##### Given material
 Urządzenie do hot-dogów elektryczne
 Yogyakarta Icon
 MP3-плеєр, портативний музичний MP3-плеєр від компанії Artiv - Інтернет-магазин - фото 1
##########
= Activity =
Every line of the material should come back unchanged.

= The answer =
 Urządzenie do hot-dogów elektryczne
 Yogyakarta Icon
 MP3-плеєр, портативний музичний MP3-плеєр від компанії Artiv - Інтернет-магазин - фото 1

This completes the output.